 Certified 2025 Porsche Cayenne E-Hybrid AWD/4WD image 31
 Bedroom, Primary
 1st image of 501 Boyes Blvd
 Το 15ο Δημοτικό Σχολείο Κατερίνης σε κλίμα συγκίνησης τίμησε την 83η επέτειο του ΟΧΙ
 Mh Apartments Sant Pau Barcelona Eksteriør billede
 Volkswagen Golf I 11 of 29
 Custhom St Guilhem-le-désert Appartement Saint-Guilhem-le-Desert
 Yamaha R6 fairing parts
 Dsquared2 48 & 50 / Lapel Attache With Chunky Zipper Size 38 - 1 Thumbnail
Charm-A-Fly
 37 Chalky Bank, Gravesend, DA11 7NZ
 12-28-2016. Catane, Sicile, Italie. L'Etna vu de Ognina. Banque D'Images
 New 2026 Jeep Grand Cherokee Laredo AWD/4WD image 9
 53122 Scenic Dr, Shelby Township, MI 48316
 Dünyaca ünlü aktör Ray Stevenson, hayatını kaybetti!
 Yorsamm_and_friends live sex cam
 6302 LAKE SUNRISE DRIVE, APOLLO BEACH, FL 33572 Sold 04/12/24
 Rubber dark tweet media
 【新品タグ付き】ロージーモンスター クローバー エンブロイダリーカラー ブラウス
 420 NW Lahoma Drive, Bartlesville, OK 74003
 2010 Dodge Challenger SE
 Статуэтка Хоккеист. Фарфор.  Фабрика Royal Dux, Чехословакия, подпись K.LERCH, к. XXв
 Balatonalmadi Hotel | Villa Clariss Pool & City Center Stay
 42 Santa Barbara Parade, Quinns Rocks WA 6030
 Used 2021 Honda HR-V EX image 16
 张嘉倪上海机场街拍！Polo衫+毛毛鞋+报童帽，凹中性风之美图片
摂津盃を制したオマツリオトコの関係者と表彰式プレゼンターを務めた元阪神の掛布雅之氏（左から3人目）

= = = =

Could you repeat exactly the lines above from the line with "Το 15ο Δημοτικό" up to and including the line with "2010 Dodge Challenger SE", and only those?

 Το 15ο Δημοτικό Σχολείο Κατερίνης σε κλίμα συγκίνησης τίμησε την 83η επέτειο του ΟΧΙ
 Mh Apartments Sant Pau Barcelona Eksteriør billede
 Volkswagen Golf I 11 of 29
 Custhom St Guilhem-le-désert Appartement Saint-Guilhem-le-Desert
 Yamaha R6 fairing parts
 Dsquared2 48 & 50 / Lapel Attache With Chunky Zipper Size 38 - 1 Thumbnail
Charm-A-Fly
 37 Chalky Bank, Gravesend, DA11 7NZ
 12-28-2016. Catane, Sicile, Italie. L'Etna vu de Ognina. Banque D'Images
 New 2026 Jeep Grand Cherokee Laredo AWD/4WD image 9
 53122 Scenic Dr, Shelby Township, MI 48316
 Dünyaca ünlü aktör Ray Stevenson, hayatını kaybetti!
 Yorsamm_and_friends live sex cam
 6302 LAKE SUNRISE DRIVE, APOLLO BEACH, FL 33572 Sold 04/12/24
 Rubber dark tweet media
 【新品タグ付き】ロージーモンスター クローバー エンブロイダリーカラー ブラウス
 420 NW Lahoma Drive, Bartlesville, OK 74003
 2010 Dodge Challenger SE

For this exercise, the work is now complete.